Synagogues at risk, say English heritage
The women’s cloakroom at Higher Crumpsall
They're damp, crumbling and increasingly abandoned - that's the sad picture of our shuls that has emerged from the first Synagogues At Risk Survey, carried out by Jewish Heritage on behalf of English Heritage.
The survey, part of the first accurate inquiry into the state of Britain's 14,500 listed places of worship, looked at 37 synagogues in England and found that only three were in "good" condition.
English Heritage has awarded Jewish Heritage a grant worth £91,000 over three years to monitor synagogues and raise awareness.
Those in the "poor" or "very bad" categories include Hackney Synagogue in London, Greenbank Synagogue in Liverpool and Sunderland Synagogue, all Grade II-listed and out of use.
Out of 37 shuls, only three were in ‘good’ condition
The synagogues in "good" condition are Hampstead, Bevis Marks and the Congregation of Jacob, and among the "fair" shuls are Exeter and the New Synagogue in Stamford Hill.
The survey also revealed that more than 50 per cent of synagogues attract weekly congregations of less than 50 people and 20 per cent have less than 20 people.
Even historic synagogues attract, at best, 250 worshippers to an ordinary Shabbat morning service.
The survey also showed worrying trends in the regions, where nearly half of shuls are experiencing shrinking membership and 57 per cent do not have even a part-time minister.
More than £1 million has been given to synagogues over the past six years under the Heritage Lottery Fund repair grants, including Manchester's Higher Crumpsall, Liverpool's Princes Road and London's Sandys Row.

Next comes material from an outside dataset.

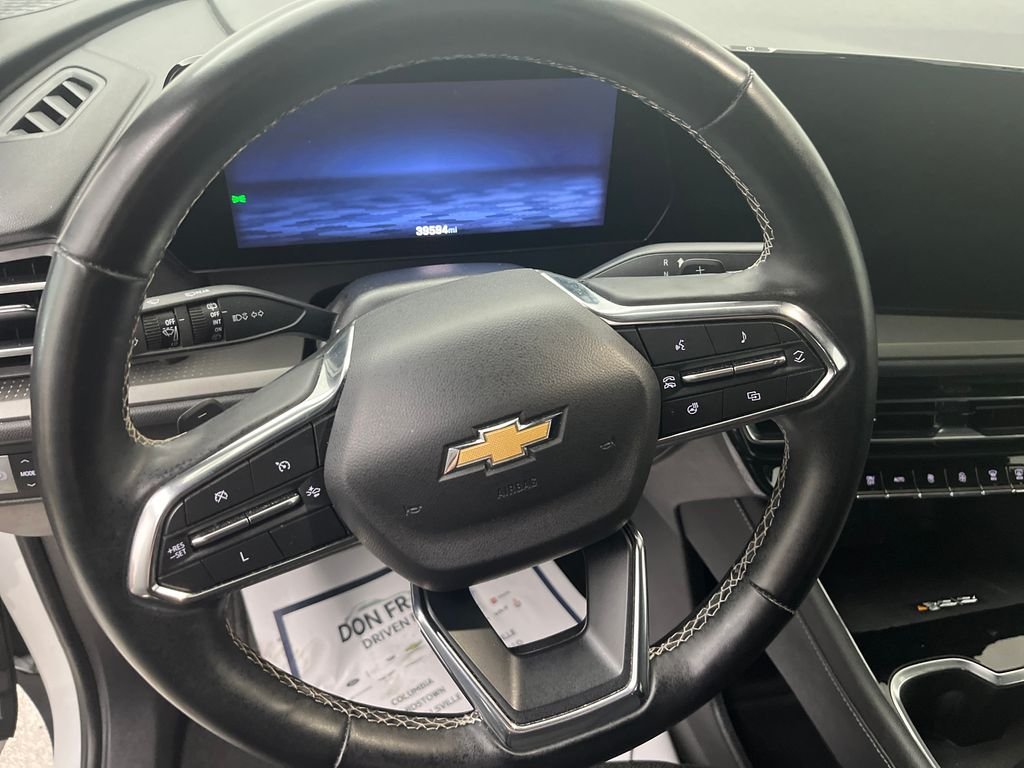 Used 2025 White Chevrolet LT image 17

Dr Sharman Kadish, director of Jewish Heritage, said: "These buildings represent the public face of the Jewish community to the wider world. They should be seen as assets. People think it's expensive to repair them, but often small things can be done like regular maintenance work.
"It is sad to see small communities decreasing and disappearing."

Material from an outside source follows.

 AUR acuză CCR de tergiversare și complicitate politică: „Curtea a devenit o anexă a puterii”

The survey report said: "It is now recognised that redundancy can pose a threat to the survival of the special interest of a historic building equal to that posed by the deterioration of its actual fabric."
The report noted that Manchester's Higher Crumpsall Synagogue had "serious problems, damp, structural movement, corrosion of steel and concrete", despite £281,000 in grants.

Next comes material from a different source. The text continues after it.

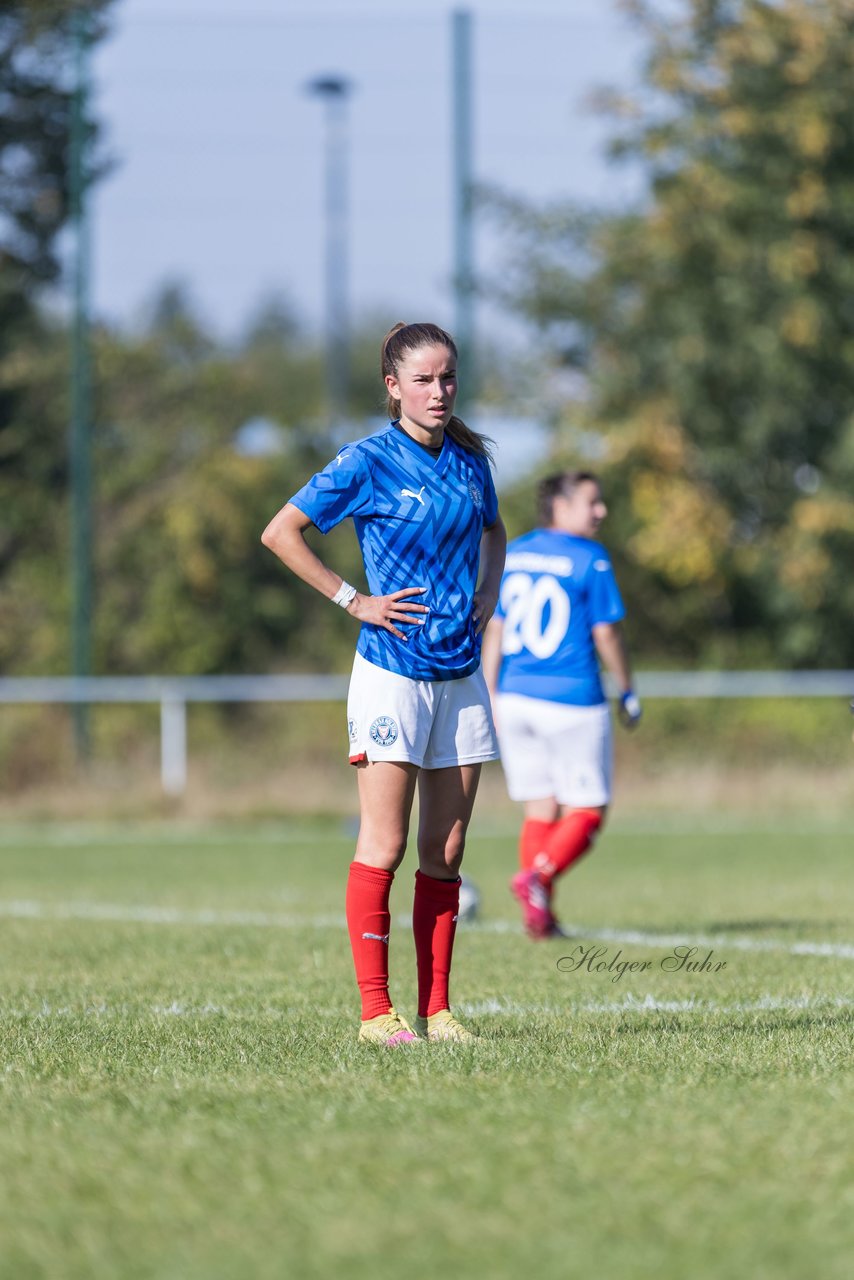 Bild 214 - F Holstein Kiel 2 - SSG Rot-Schwarz Kiel 2 : Ergebnis: 5:0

But Eileen Somers, Higher Crumpsall's administrator, said: "The survey has been a surprise to us. We know a little cosmetic work is needed but it's not that bad." Dr Kadish said there was still hope for many buildings: "There may be ways to revitalise them. It's not all doom and gloom."
English Heritage officers will announce which synagogues will be placed on the At Risk Register next year, which will prioritise them for grants.
Meanwhile, on Wednesday, Grade II* listed Singers Hill Synagogue in Birmingham received an award from English Heritage for going from “at risk” to “most improved in the West Midlands”.